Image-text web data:
* * * *
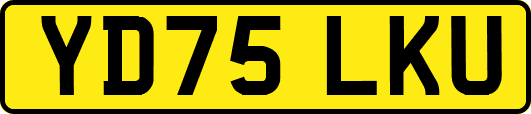 YD75LKU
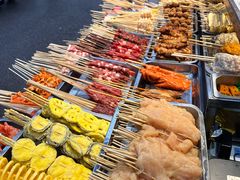 -魏记里脊肉炸炸炸(南门口店)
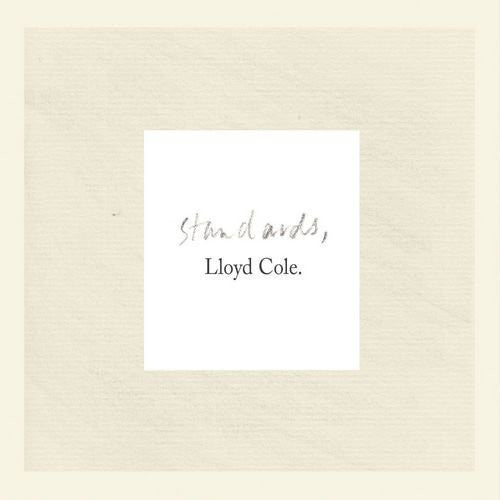 LLOYD COLE Standards - Double Record Album - Vinyl LP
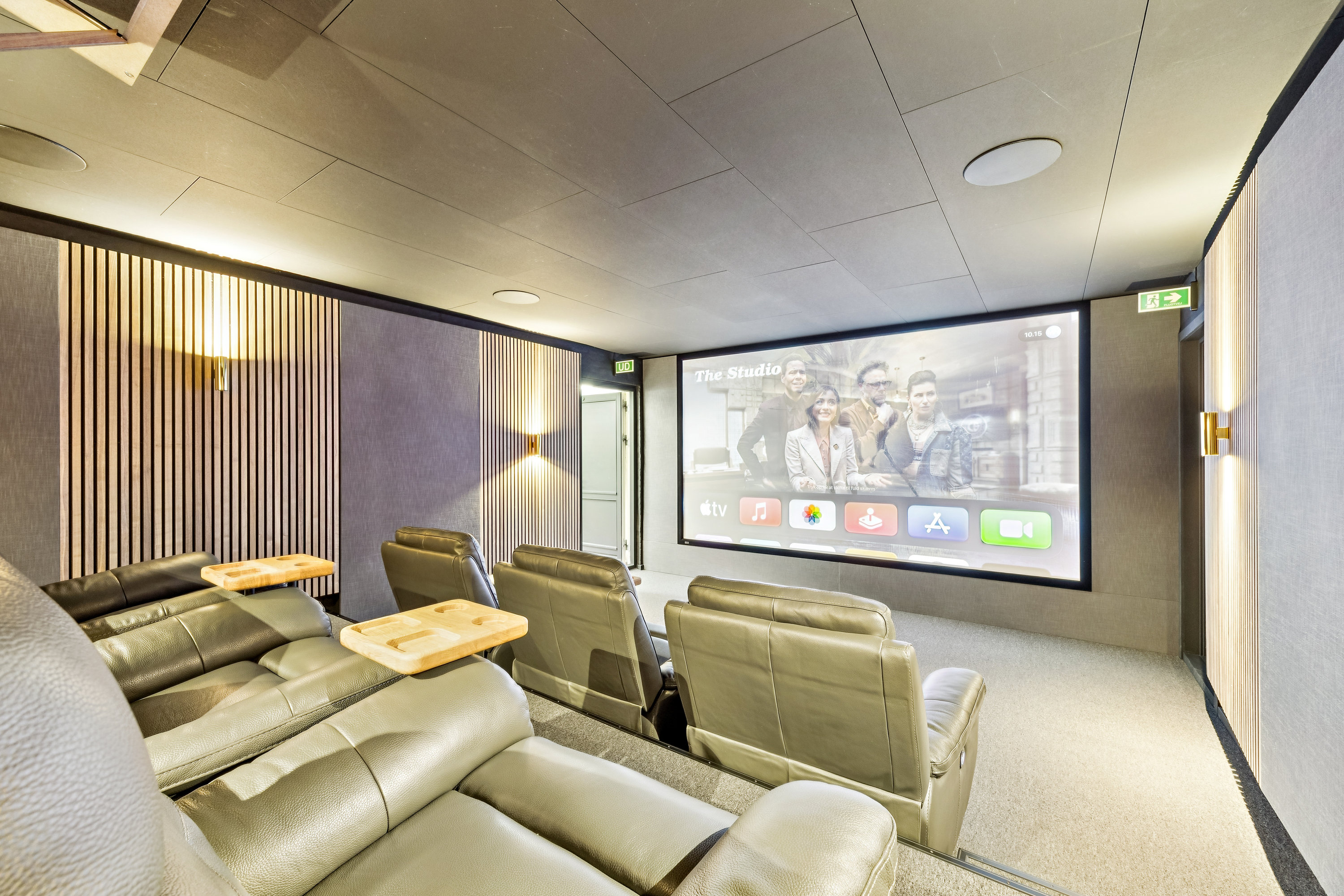 Fremhævet biograf  billede i fuldskærmstilstand. Billede af Ny Hagestedvej 63, Ny Hagested, 4532 Gislinge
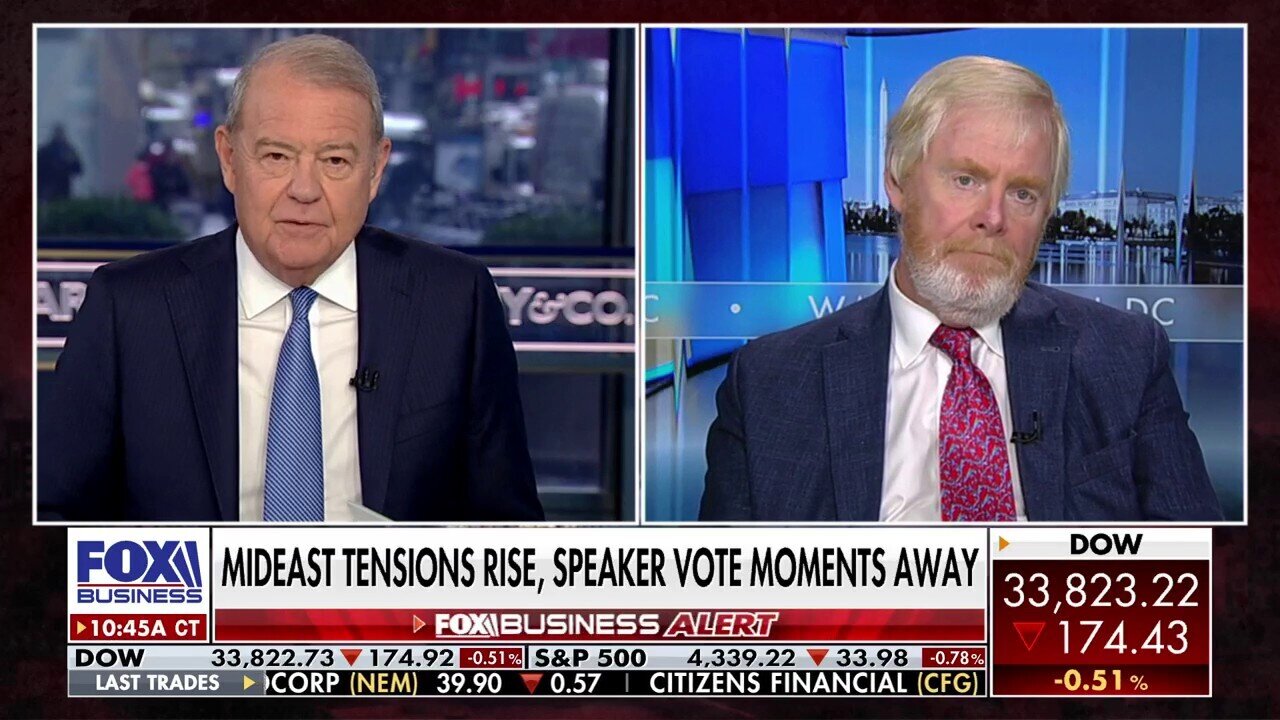 Brent Bozell: 'Idiot' AOC On CNN Proves The Far Left Can't Stand With Israel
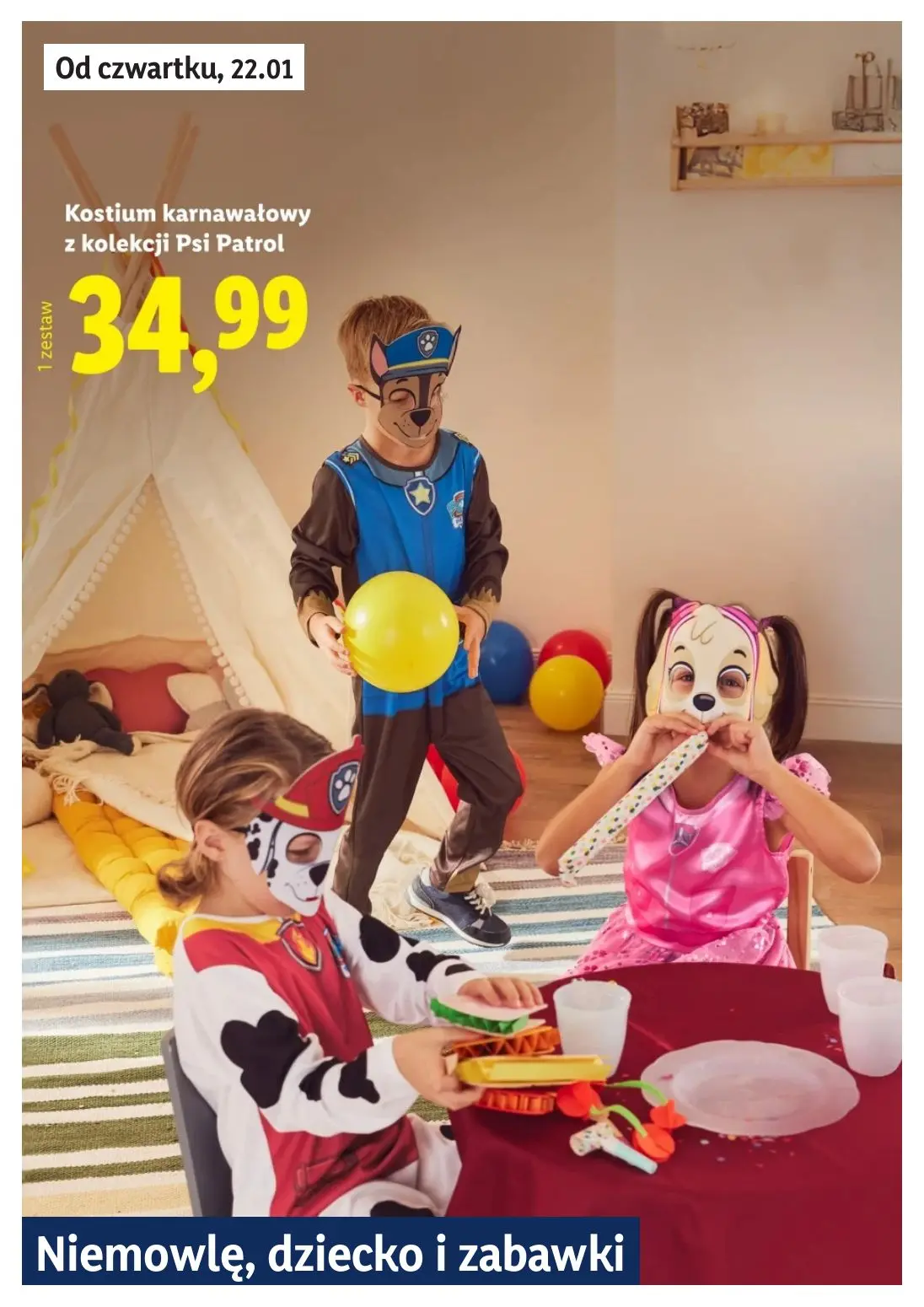 gazetka promocyjna LIDL Lidl plus. Skanujesz - To się opłaca - Strona 10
* * * *
Reproduce exactly and only the lines from the one with "-魏记里脊肉炸炸炸(南门口店)" through the last entry, both included, excluding every picture.

 -魏记里脊肉炸炸炸(南门口店)
 LLOYD COLE Standards - Double Record Album - Vinyl LP
 Fremhævet biograf  billede i fuldskærmstilstand. Billede af Ny Hagestedvej 63, Ny Hagested, 4532 Gislinge
 Brent Bozell: 'Idiot' AOC On CNN Proves The Far Left Can't Stand With Israel
 gazetka promocyjna LIDL Lidl plus. Skanujesz - To się opłaca - Strona 10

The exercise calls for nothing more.